Monday, May 26, 2008

studying

hm... I am studying at the Open University for computer science and object oriented programming. no updates regarding the psychology of algorithms. only that conflicts can be used productively in creative acts. I will need to send an update later....

Wednesday, March 26, 2008

san francisco dreaming

a former economist journalist, Wired editor and network dreamer from silicon valley:


the long tail

Friday, March 14, 2008

how life can be seen as software


very fascinating, Craig Venter:

transforming software into hardware = DNA

When in the ocean museum of Lisbon it was great to see a bath of medusa's swimming. Maybe one of the simplest life forms on earth so fascinating how simple structures create more complex structures.

Saturday, March 01, 2008

Monday, February 25, 2008

Playing chess = composing music

Interesting interview about the recognition of patterns in chess, that it is similar to recognize patterns in words, phrases in music, etc.:

How chess can sharpen your mind

Tuesday, February 12, 2008

Memories and joy


Children can play and play and play. Here in Europe prominent toys are coming from Lego or Playmobil that help us to explore space, time, social interactions. Probably the feeling that helps us fuelling our desire for play is joy. It is great to let our memories wander for a while and re-experience the joy that was acting like a friend helping us to learn more.

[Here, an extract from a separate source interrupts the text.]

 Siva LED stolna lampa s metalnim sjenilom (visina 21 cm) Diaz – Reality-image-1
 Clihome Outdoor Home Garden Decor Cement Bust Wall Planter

Tuesday, February 05, 2008

Objects and intentions


As I am learning more on object-oriented programming, I come again to the conclusion that in the design of algorithms it is helpful to take the intentional stance, i.e. what would the algorithm like to do, what believes do we assume the algorithm has, etc.

See more on this at: wikipedia on intentional stance

And when we mix objects, intentions and nature we maybe arrive at paintings like these

Friday, January 18, 2008

Bach as computer

there was a very interesting interview recently in the FAZ newspaper on Bach as a computer composing music. somehow it must be inspired by goedel, bach, eschenbach the mysteries behind algorithms. bach as taking the hand of the listener, guiding him in the universe of logic, to show the subtleties of our existence. bach computes incredible forms like einstein did with the laws of mechanics.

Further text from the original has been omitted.